§ **ENTRIES SUPPLIED**:
============

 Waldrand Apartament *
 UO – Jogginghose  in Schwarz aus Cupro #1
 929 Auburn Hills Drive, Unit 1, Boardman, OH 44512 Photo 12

============

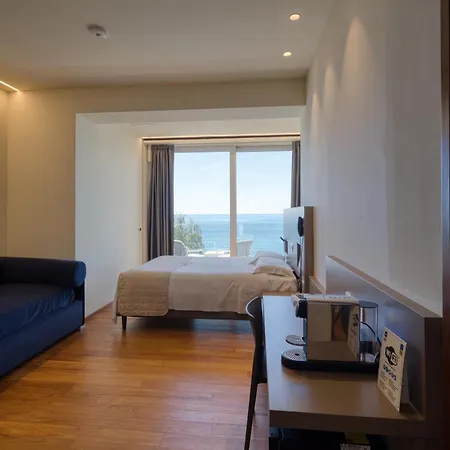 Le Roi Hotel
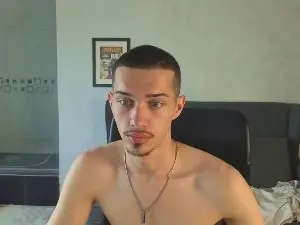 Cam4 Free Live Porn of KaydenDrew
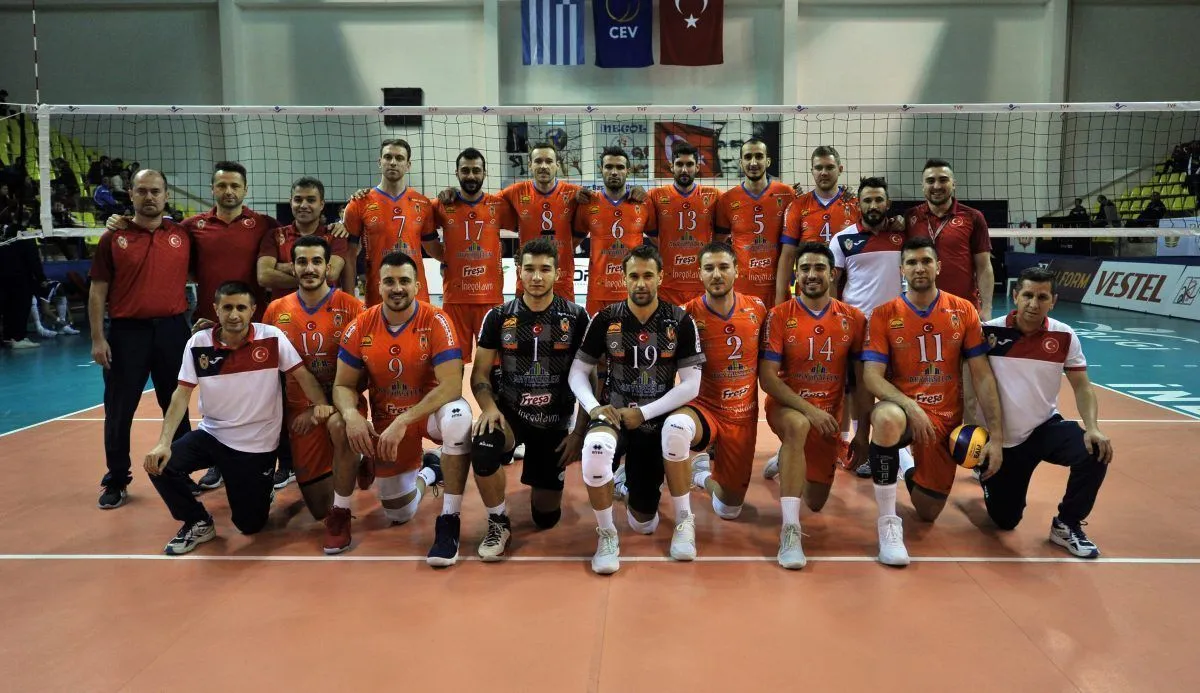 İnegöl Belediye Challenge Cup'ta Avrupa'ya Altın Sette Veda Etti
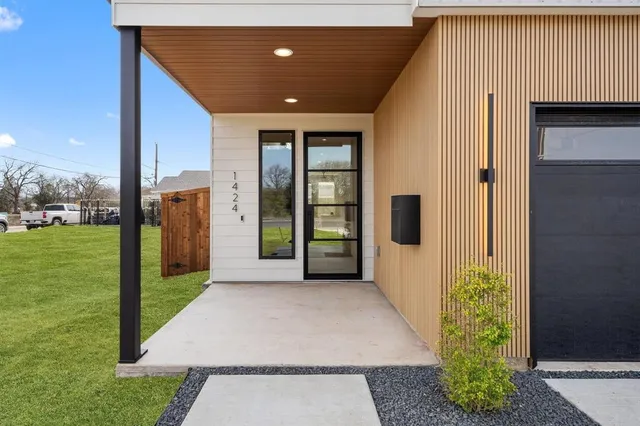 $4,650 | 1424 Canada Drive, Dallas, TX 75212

============

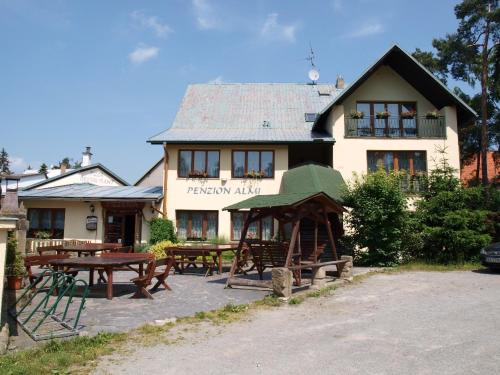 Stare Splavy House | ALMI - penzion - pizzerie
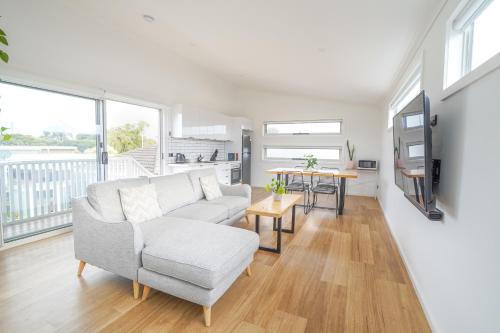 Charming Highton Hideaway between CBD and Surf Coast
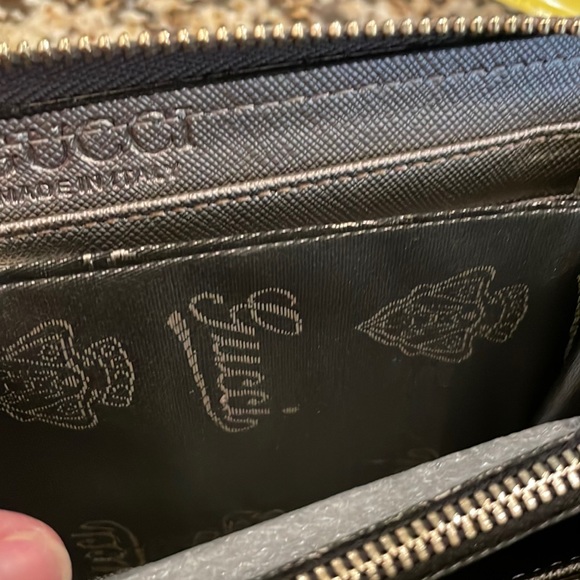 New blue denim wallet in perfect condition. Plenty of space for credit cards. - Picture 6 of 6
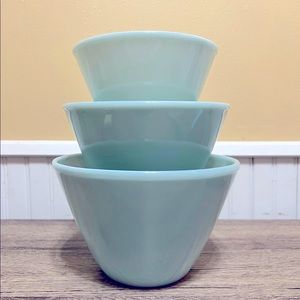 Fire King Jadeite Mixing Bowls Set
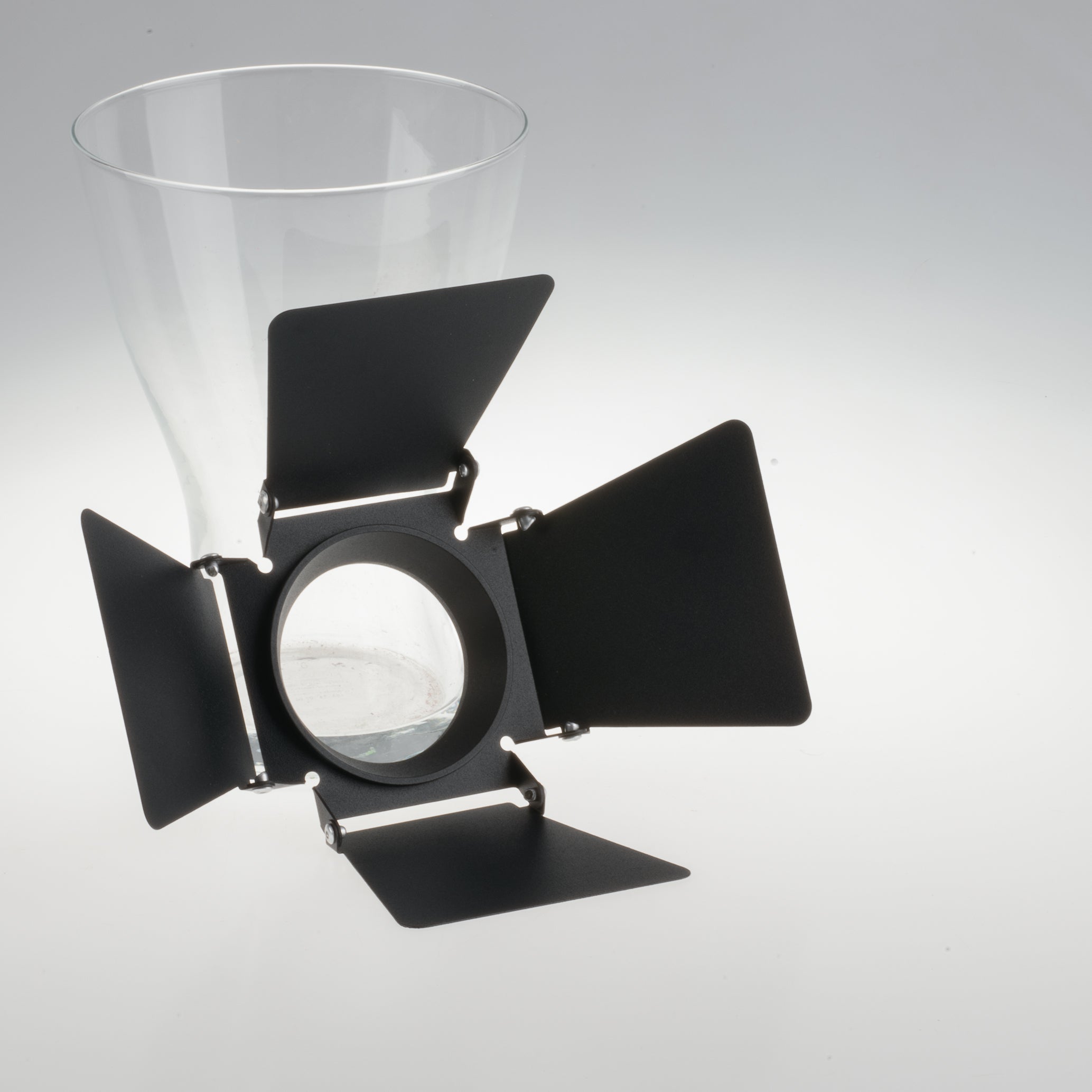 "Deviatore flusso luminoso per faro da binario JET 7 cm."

============

§ **TASK TO COMPLETE**:
Reproduce exactly, with no pictures, the lines above from the one holding "Cam4 Free Live Porn of KaydenDrew" to the one holding "Dallas, TX 75212", inclusive.

§ **EXERCISE ANSWER**:
 Cam4 Free Live Porn of KaydenDrew
 İnegöl Belediye Challenge Cup'ta Avrupa'ya Altın Sette Veda Etti
 $4,650 | 1424 Canada Drive, Dallas, TX 75212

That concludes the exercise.